(Crawled caption data)

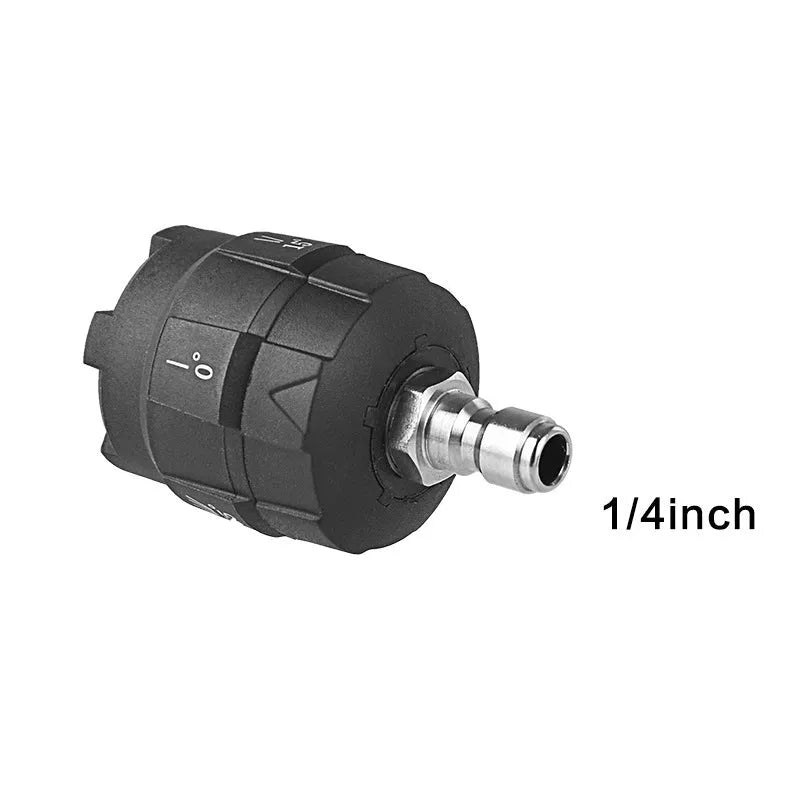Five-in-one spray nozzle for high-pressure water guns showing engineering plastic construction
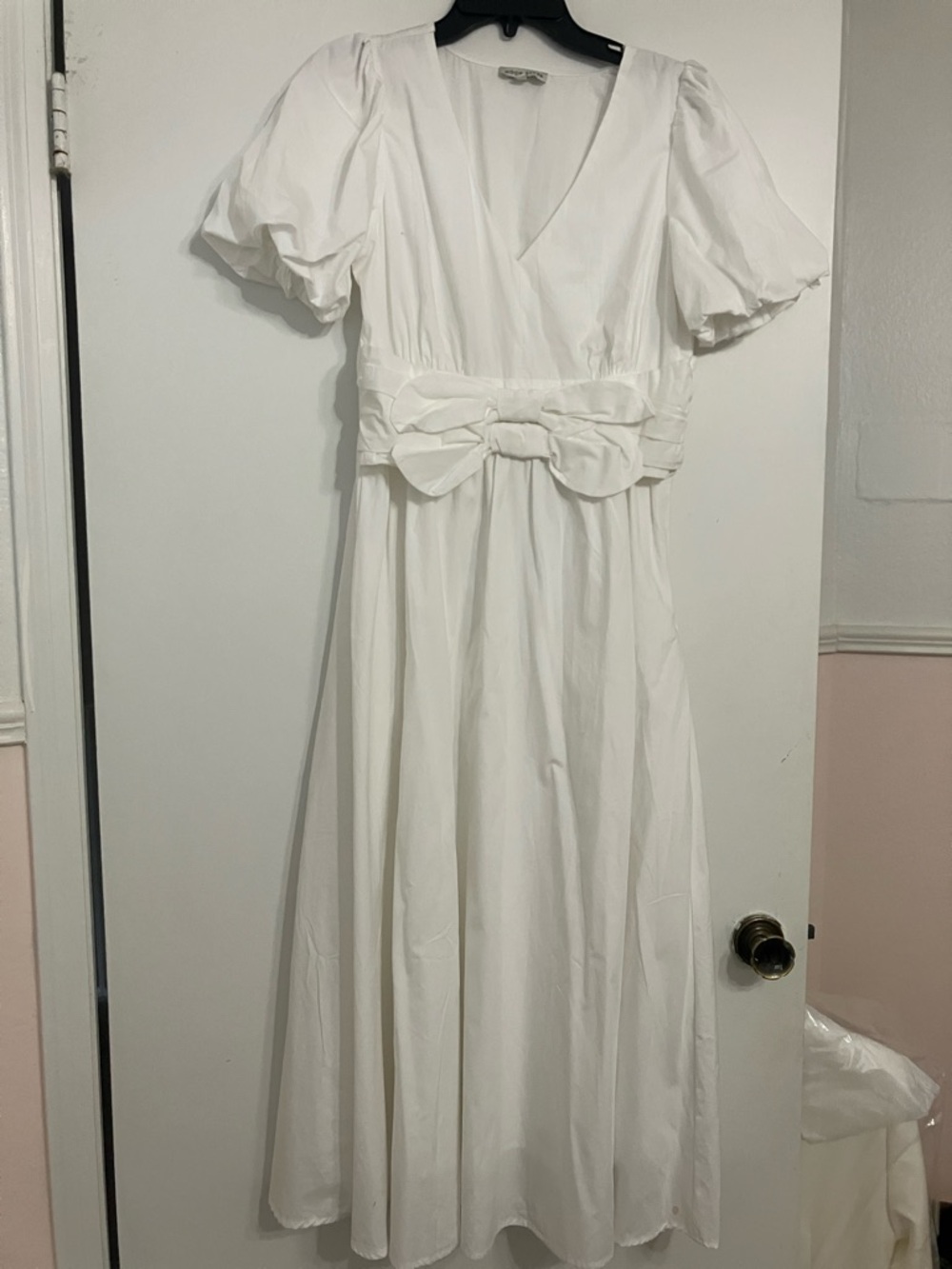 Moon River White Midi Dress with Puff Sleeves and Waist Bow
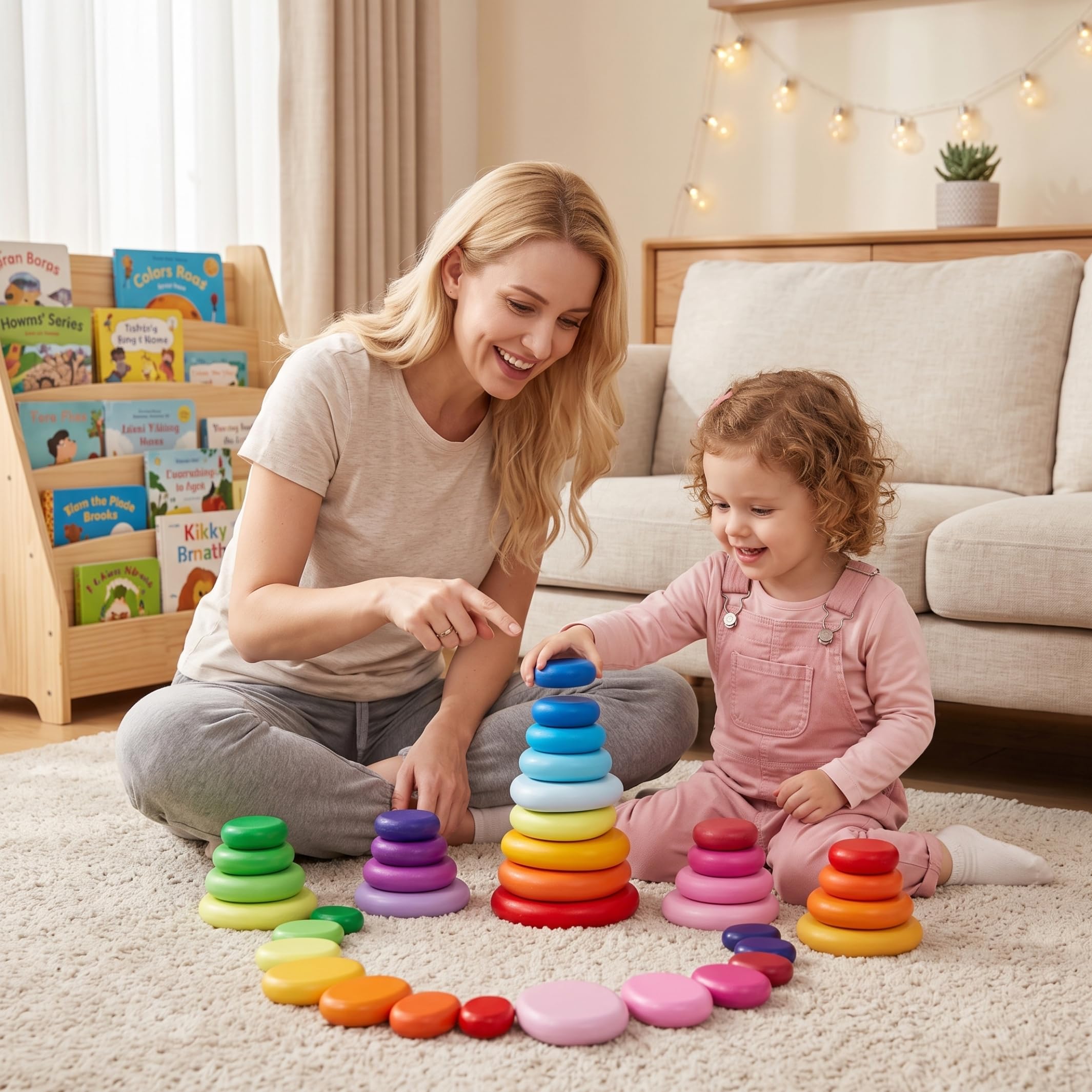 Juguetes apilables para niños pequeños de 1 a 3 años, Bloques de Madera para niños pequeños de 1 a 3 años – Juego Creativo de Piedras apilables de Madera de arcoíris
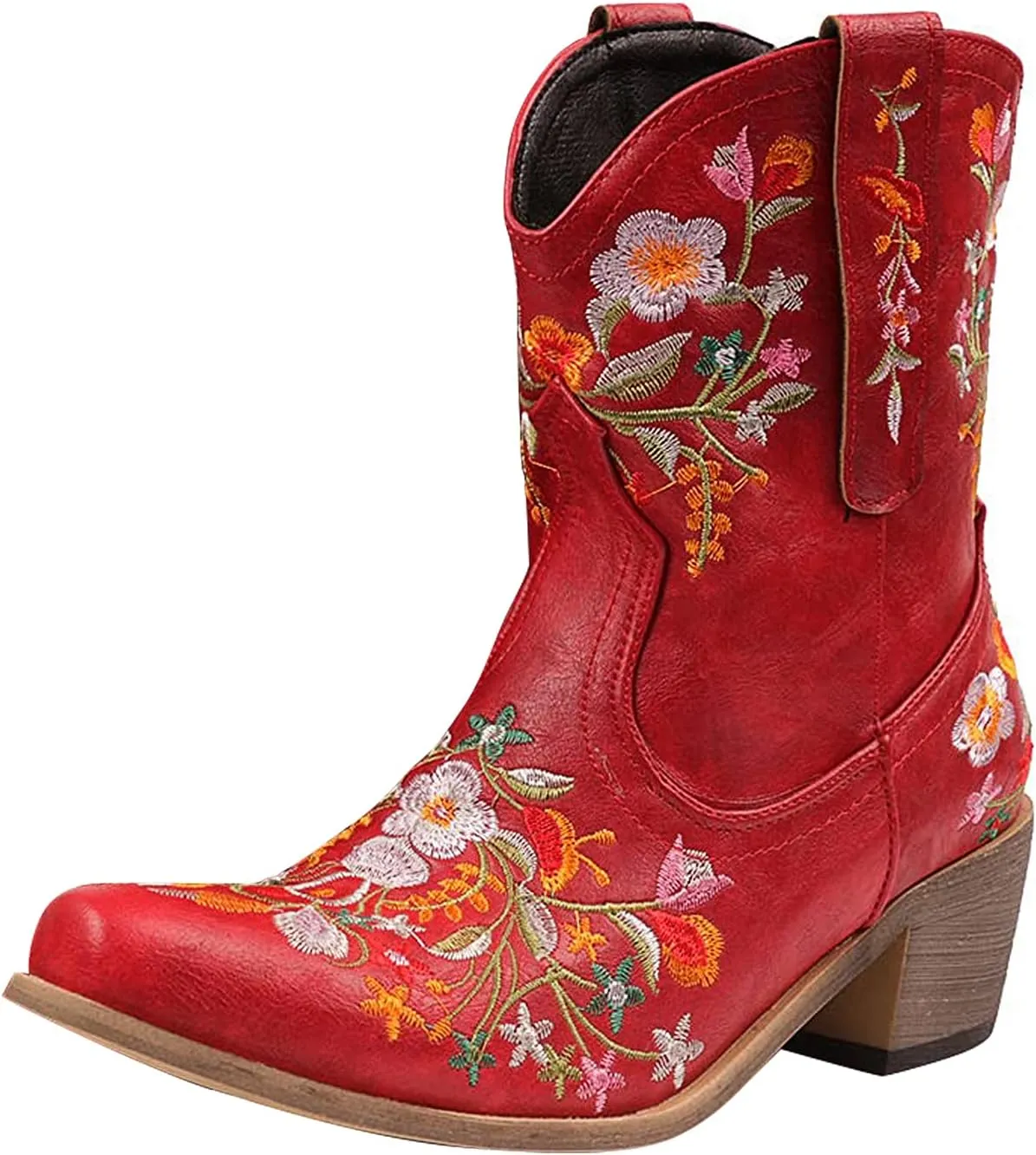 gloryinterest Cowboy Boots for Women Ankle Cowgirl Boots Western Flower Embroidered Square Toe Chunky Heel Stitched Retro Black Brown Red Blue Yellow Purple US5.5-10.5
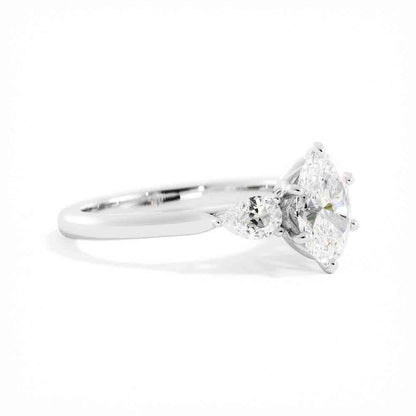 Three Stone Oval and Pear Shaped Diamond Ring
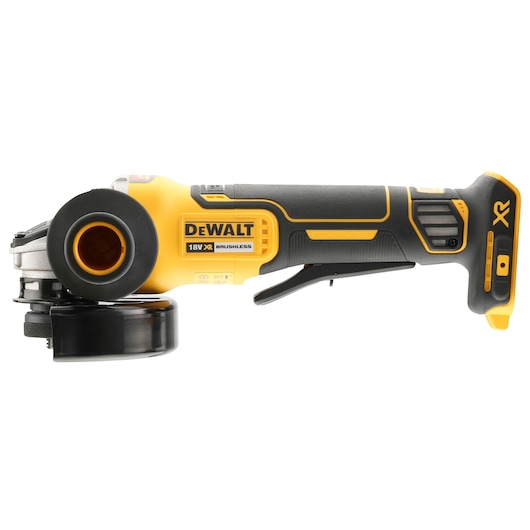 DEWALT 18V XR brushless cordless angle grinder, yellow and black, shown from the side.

_Problem statement_
Could you set down the records above exactly, skipping any picture?

_Solution to this problem_
Five-in-one spray nozzle for high-pressure water guns showing engineering plastic construction
 Moon River White Midi Dress with Puff Sleeves and Waist Bow
 Juguetes apilables para niños pequeños de 1 a 3 años, Bloques de Madera para niños pequeños de 1 a 3 años – Juego Creativo de Piedras apilables de Madera de arcoíris
 gloryinterest Cowboy Boots for Women Ankle Cowgirl Boots Western Flower Embroidered Square Toe Chunky Heel Stitched Retro Black Brown Red Blue Yellow Purple US5.5-10.5
 Three Stone Oval and Pear Shaped Diamond Ring
 DEWALT 18V XR brushless cordless angle grinder, yellow and black, shown from the side.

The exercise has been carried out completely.